None of these guilt feelings is fair. The caregiver who destroys themselves caring does not care better; they care worse. And wishing for the end of suffering does not make you a monster; it makes you an exhausted human being.

How does Alzheimer's affect family dynamics?

Alzheimer's acts as a revealer of pre-existing family dynamics: unresolved conflicts between siblings, gender inequalities in care and invisible loyalties surface with force.

  • The primary caregiver vs. peripheral siblings: in most families, one person (usually the geographically closest daughter) takes on 80% of the care. Siblings who live far away contribute opinions and guilt, but not hours. This asymmetry generates deep resentment.
  • Medical decisions: when to stop treating? Care home or family home? Assisted feeding? Each decision is a minefield of ethical and emotional conflict.
  • Inheritance as a trigger: when illness appears, conversations about money and assets emerge. And with them, family wounds that have been buried for decades.

What does the caregiver need to survive?

  1. Permission to set boundaries: caring does not mean self-immolation. Saying "I cannot do any more" is not abandonment; it is honesty.
  2. Real respite: hours, days or weeks in which another person takes over the care. Day centres, respite care services and home help are not luxuries; they are survival.
  3. Support network: caregiver groups (in-person or online) where you can share the experience with people who understand without needing an explanation.
  4. Psychological care: a space to process anticipatory grief, guilt and exhaustion without being judged.
  5. Family acknowledgement: siblings, the caregiver's partner and children recognising the magnitude of what they are doing and actively participating.
  6. Clear medical information: understanding the progression of the disease reduces anxiety about the unknown.

How to communicate with someone who has Alzheimer's

  • Do not correct: if they say their mother is coming to visit, enter their reality: "What would you like to do when she comes?"
  • Use short sentences: one question at a time, without multiple options.
  • Prioritise physical contact: when words fail, the hand that holds and silent presence still communicate.
  • Do not force memory: instead of "don't you remember me?", say: "I am your daughter. I am here with you."

Caring for someone who is losing their memory is an act of love that needs to be sustained — not just by the family, but by society as a whole. The caregiver should not have to choose between their life and that of their loved one.

Frequently asked questions

Is it normal to feel anger towards the person with Alzheimer's?

Yes. The anger is not directed at the person but at the disease that is taking them away. Feeling rage when your mother asks who you are for the fifth time is a human response, not a moral failing.

How do I know if I need professional help?

If anxiety is preventing you from sleeping, if you have stopped looking after your own health, if you feel you cannot go on, or if you have had thoughts of harming yourself, you need professional help. Do not wait for a breaking point.

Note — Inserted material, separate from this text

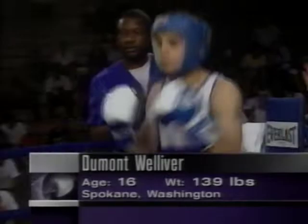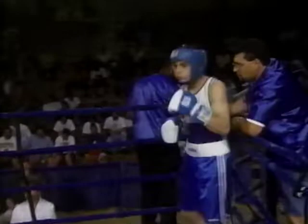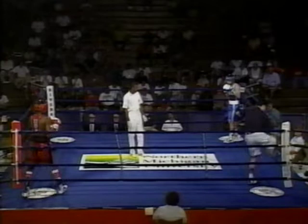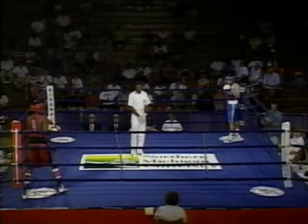There's quite a bit of a difference as far as experience is concerned in this bout. Chad Dawson in his very first Junior Olympic competition, and for Dumont Welliver, he was the bronze medalist at this competition in his rank last year, and is ranked number five in the United States in the Junior Olympic rankings.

Is it selfish to place my family member in a care home?

No. Sometimes it is the most responsible decision. When the level of dependency exceeds the caregiver's capacity, a care home offers professional attention that is not possible at home. Love is not measured in sacrifice; it is measured in quality of care.

How do I explain the illness to my children?

With age-appropriate honesty. "Grandpa has an illness in his brain that makes him forget things. Sometimes he will not remember your name, but that does not mean he does not love you." Children can understand the disease if given information and space to ask questions.

Is Alzheimer's hereditary?

The vast majority of cases (95%) are sporadic and do not have a direct hereditary component. The remaining 5% are familial forms with a strong genetic component. If you are concerned, consult a specialist in neurogenetics.